Below are the entries; give again exactly the lines from the one mentioning "heaven+paper Wandkalender 2027" through the one mentioning "Kopf hoch - Frauen", inclusive.

• _Exercise data_:

------

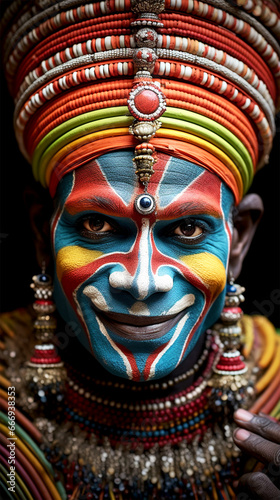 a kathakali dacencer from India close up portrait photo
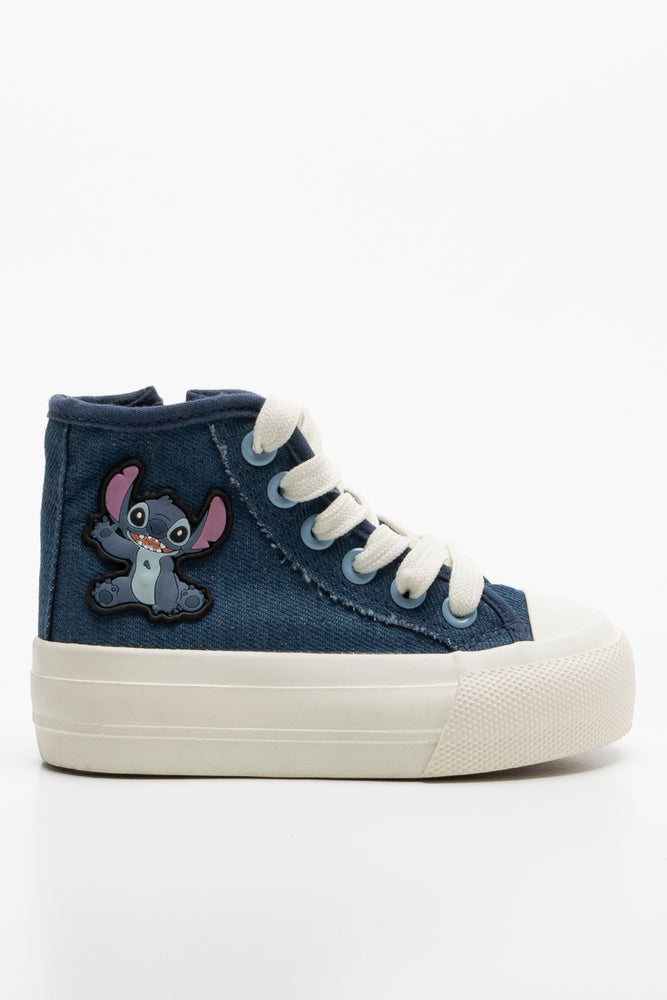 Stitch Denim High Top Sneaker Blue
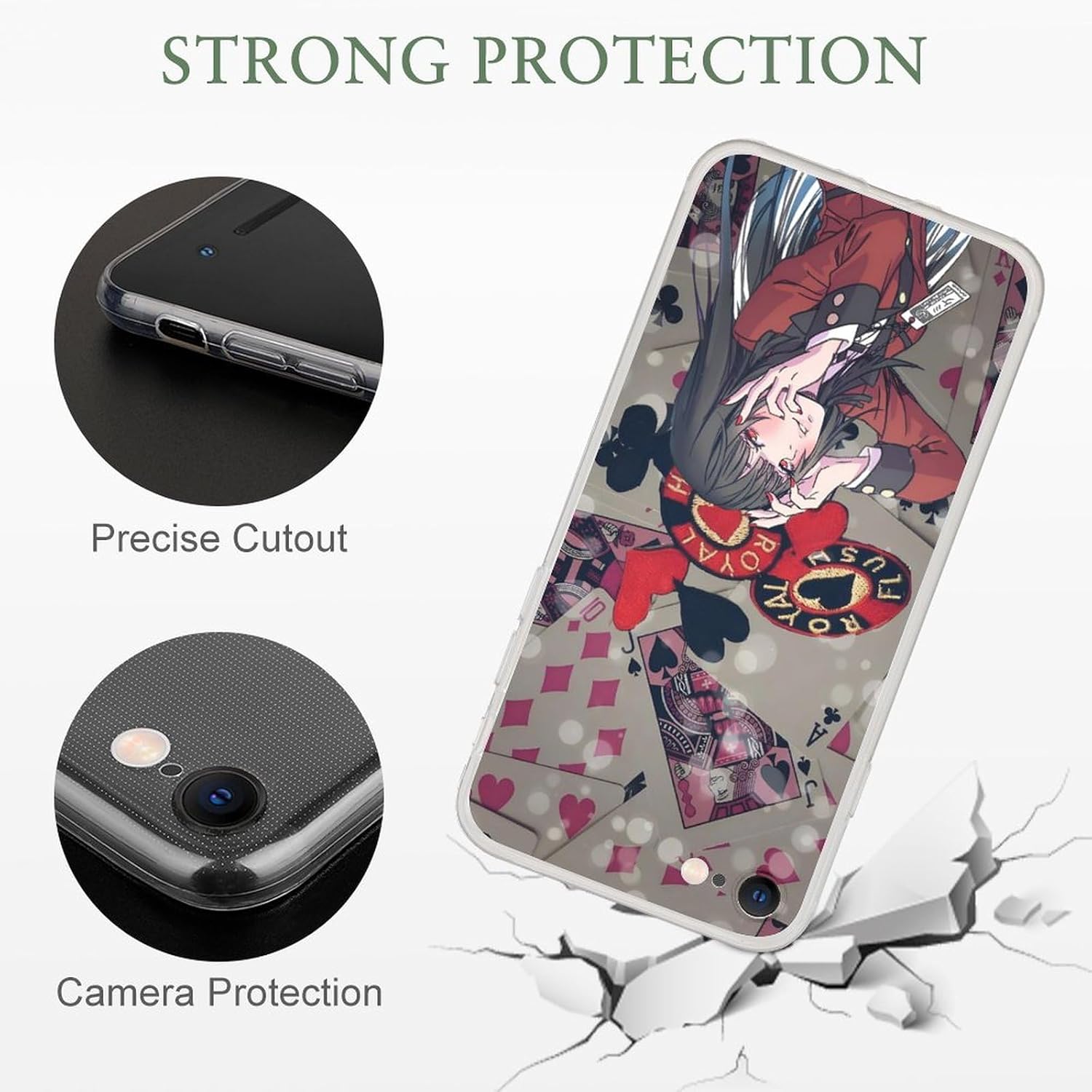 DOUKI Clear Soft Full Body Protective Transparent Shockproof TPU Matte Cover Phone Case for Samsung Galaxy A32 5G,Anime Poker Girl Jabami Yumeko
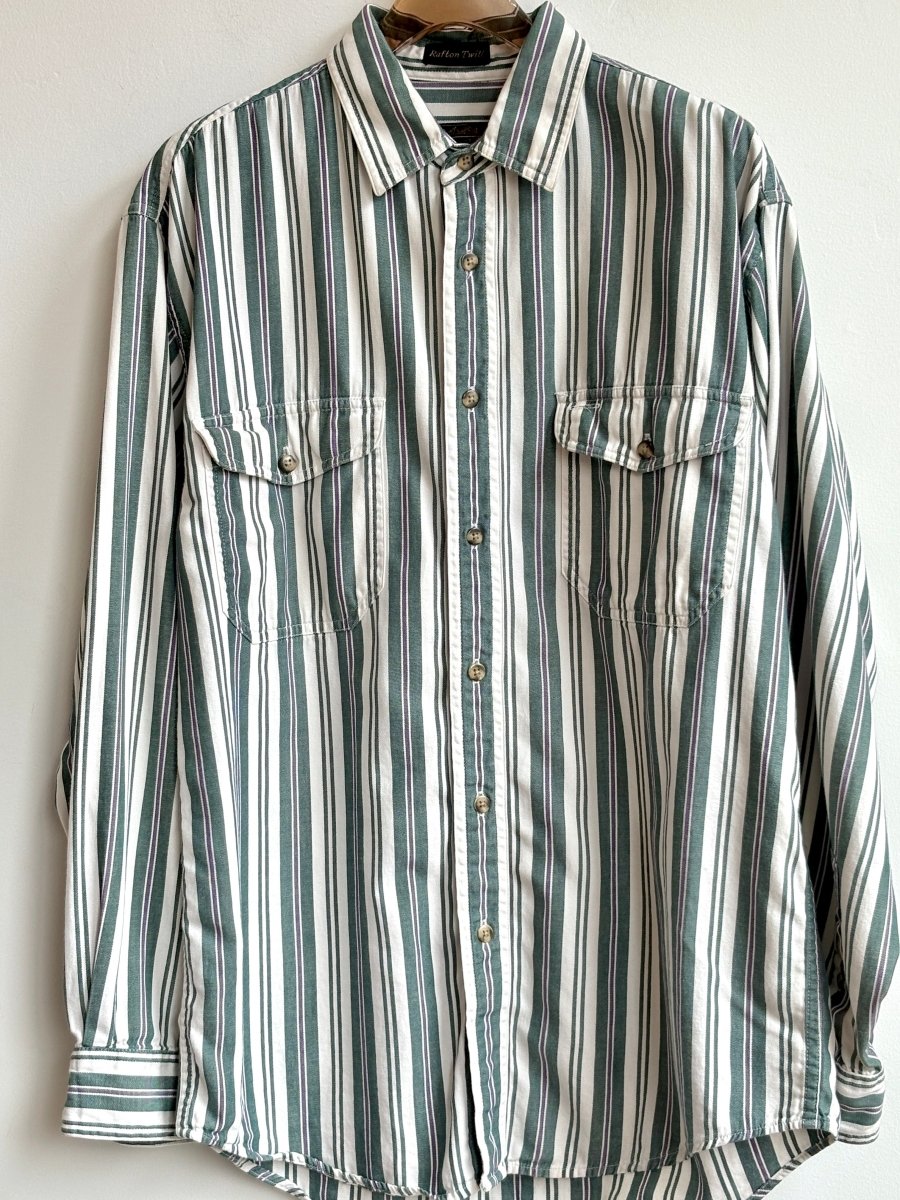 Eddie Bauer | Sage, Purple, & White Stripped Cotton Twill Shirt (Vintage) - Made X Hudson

------

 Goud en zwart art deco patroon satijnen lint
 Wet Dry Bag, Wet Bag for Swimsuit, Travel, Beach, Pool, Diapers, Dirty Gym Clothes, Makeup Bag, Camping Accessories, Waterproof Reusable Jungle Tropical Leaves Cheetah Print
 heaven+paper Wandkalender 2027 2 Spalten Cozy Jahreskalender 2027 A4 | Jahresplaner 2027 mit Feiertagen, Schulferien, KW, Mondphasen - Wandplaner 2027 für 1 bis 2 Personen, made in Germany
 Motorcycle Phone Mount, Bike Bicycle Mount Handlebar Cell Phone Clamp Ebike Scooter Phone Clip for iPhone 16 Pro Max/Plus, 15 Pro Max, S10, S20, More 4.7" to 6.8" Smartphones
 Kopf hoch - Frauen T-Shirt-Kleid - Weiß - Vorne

------

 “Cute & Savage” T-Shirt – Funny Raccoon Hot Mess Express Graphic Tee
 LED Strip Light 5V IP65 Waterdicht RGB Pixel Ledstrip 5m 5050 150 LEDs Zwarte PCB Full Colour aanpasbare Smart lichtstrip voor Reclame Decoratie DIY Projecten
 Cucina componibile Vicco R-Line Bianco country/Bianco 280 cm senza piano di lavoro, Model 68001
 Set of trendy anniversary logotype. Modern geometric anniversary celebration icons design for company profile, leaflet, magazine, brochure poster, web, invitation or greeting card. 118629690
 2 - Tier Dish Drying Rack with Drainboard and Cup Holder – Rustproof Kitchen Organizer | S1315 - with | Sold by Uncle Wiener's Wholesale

------

• _Answer to the problem_:
 heaven+paper Wandkalender 2027 2 Spalten Cozy Jahreskalender 2027 A4 | Jahresplaner 2027 mit Feiertagen, Schulferien, KW, Mondphasen - Wandplaner 2027 für 1 bis 2 Personen, made in Germany
 Motorcycle Phone Mount, Bike Bicycle Mount Handlebar Cell Phone Clamp Ebike Scooter Phone Clip for iPhone 16 Pro Max/Plus, 15 Pro Max, S10, S20, More 4.7" to 6.8" Smartphones
 Kopf hoch - Frauen T-Shirt-Kleid - Weiß - Vorne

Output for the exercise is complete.